C’était certainement l’objectif de Donald Trump en fomentant le psychodrame des droits de douane infligés à l’Europe : fragmenter la solidarité économique européenne. Avec Meloni, son alliée, il est parvenu à ses fins. Pour l’ex-directeur d’Amnesty en Belgique, la question économique est loin d’être réglée en Italie « Oui, la rigueur budgétaire porte ses fruits mais on constate aussi une augmentation de la pauvreté. Le déficit est un instrument politique qui peut servir à l’amélioration des conditions de vie d’une population. En Italie, le flexi-travail qui devient la norme empêche les travailleurs de s’opposer à la dégradation de leurs conditions de travail. La situation est devenue extrêmement délicate pour une grande partie des travailleurs italiens ».

La Rai se meurt

Les effets du melonisme commencent aussi à se faire sentir en termes de liberté de la presse et des médias audiovisuels. Depuis 2015, sous l’impulsion des sociaux-démocrates à l’époque, il est d’usage qu’après les élections le parti vainqueur nomme à sa guise les principaux dirigeants de la radio-télévision publique italienne. Arrivée en tête aux élections législatives de 2022, Giorgia Meloni ne s’est pas privée de ce privilège en nommant des personnalités inféodées à son parti aux postes stratégiques de la Rai.

Selon les syndicats de journalistes de la Rai qui s’expriment régulièrement depuis deux ans à ce sujet, le parti Fratelli d’Italia exercerait une pression constante sur les rédactions des chaînes Rai1, Rai2, Rai3 et RaiNews24 qui afficheraient désormais des lacunes journalistiques caractéristiques d’un média de propagande. Absence de débat contradictoire, longues interviews complaisantes de la cheffe du gouvernement et de ses alliés, traitement partiel des faits, hiérarchie de l’information biaisée, censure d’émissions historiques sont déplorées par de nombreux observateurs.

Un constat qui fait dire à Philippe Hensmans que « le contrôle de l’information et des médias tel qu’il se déploie aujourd’hui en Italie est catastrophique. Les procédures-bâillon s’ajoutent aux lois liberticides : vous risquez sept ans de prison aujourd’hui en Italie si vous bloquez un chantier avec lequel vous êtes en désaccord. C’est vraiment grave. Il y a une volonté de faire taire l’opposition et une volonté de l’empêcher de s’exprimer, une volonté par ailleurs de droitiser complètement la Rai. Il y a un énorme souci ».

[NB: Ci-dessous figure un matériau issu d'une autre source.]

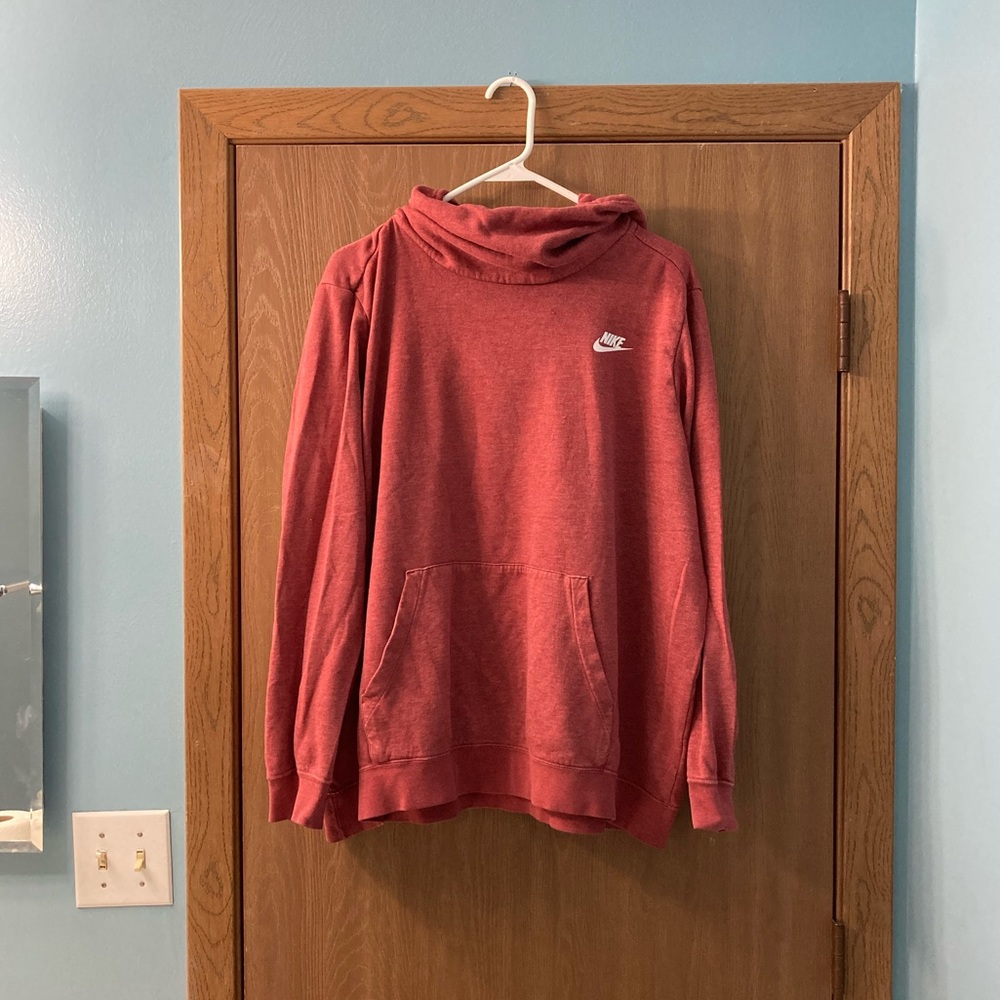Nike Essential Women’s Funnel Neck Pullover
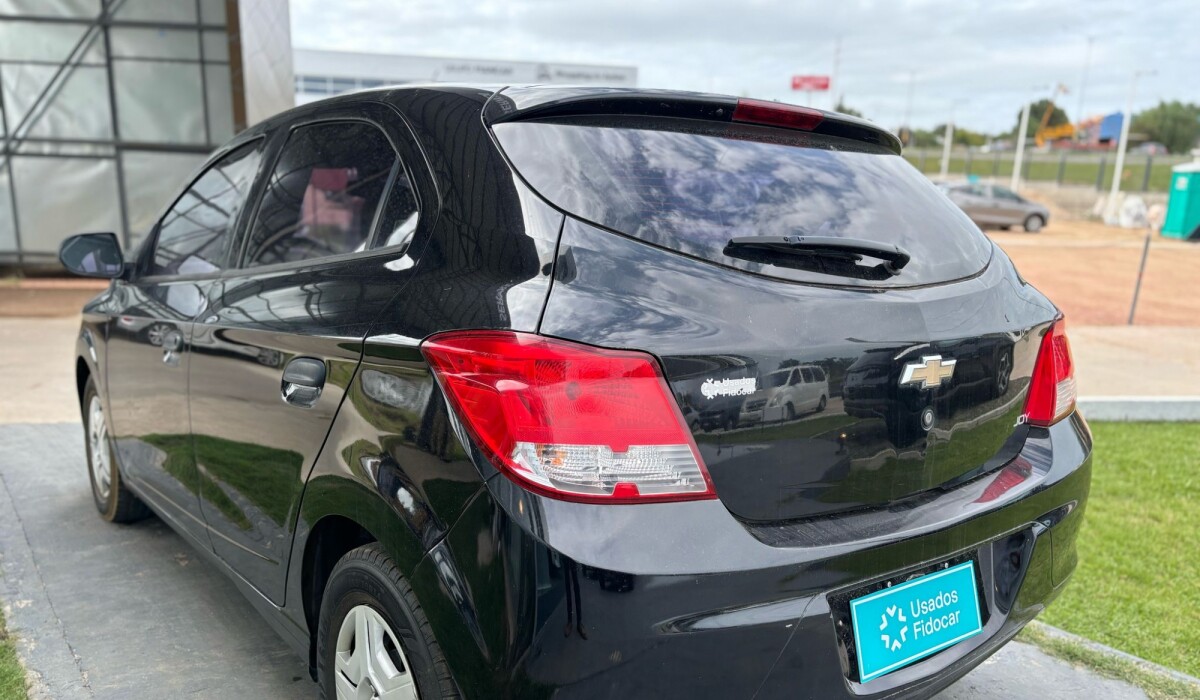 Chevrolet Onix 1,0 Joy LT - 2018 Chevrolet Onix 1,0 Joy LT - 2018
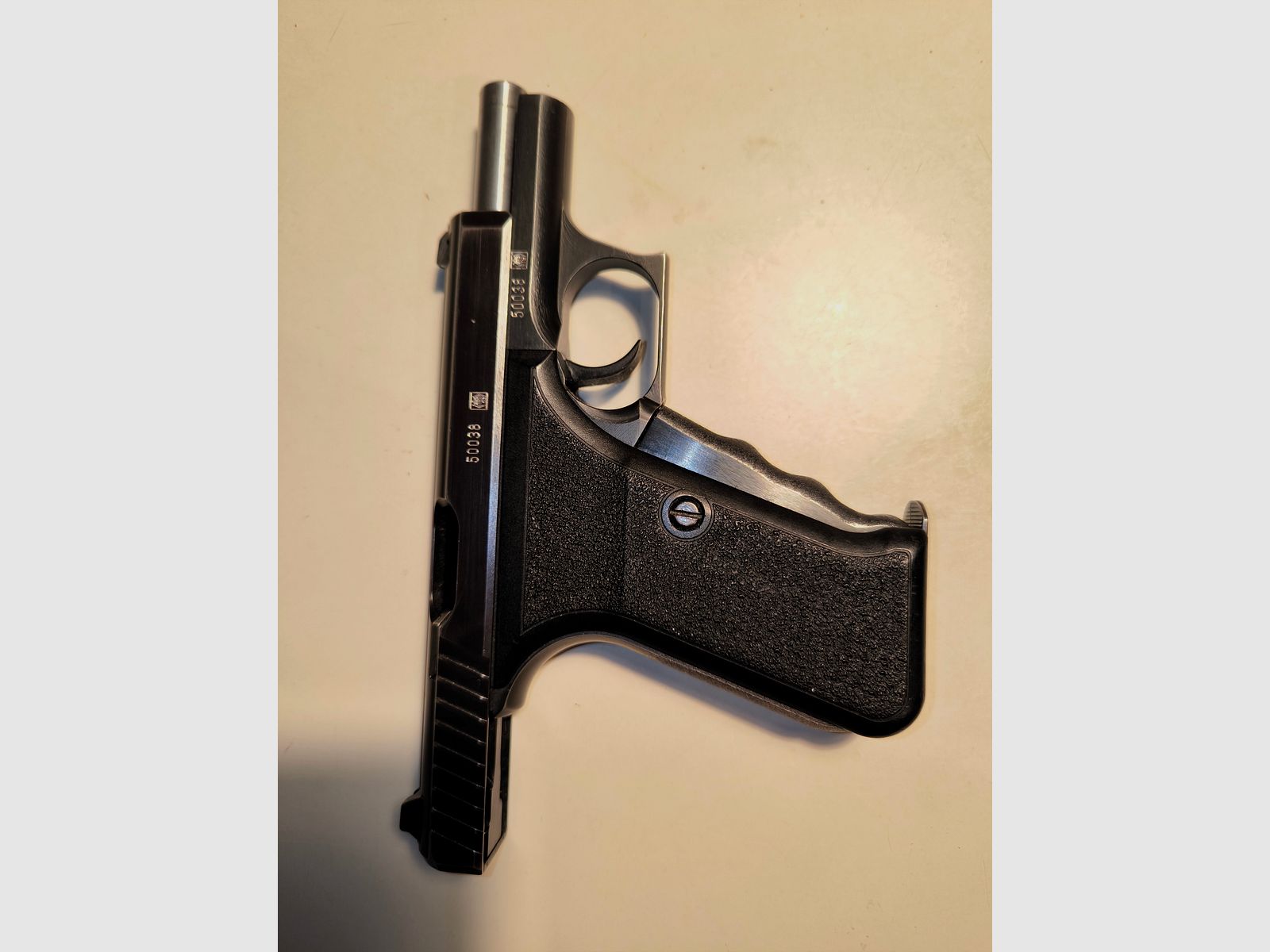 Heckler & Koch P7 - 9mm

Une inquiétude que le jeune libéral Arthur Martin ne partage pas : « Le vrai problème pour les personnes au sein de ces médias, traditionnellement de centre gauche, c’est simplement que Meloni est de droite. C’est de cela dont ils se plaignent. La représentation du pouvoir en place au sein de la Rai est la norme depuis 2015 et avoir des gens d’un certain bord politique dans le conseil d’administration d’un média public, parce que ce bord a remporté les élections, ça ne me choque pas ». Philippe Hensmans tient à nuancer ce point : « C’est vrai, mais la traduction en actes de cette loi de 2015 a été très différente d’un gouvernement à l’autre, passer d’un média public démocrate à un média d’extrême droite, c’est quelque chose qui doit interpeller ».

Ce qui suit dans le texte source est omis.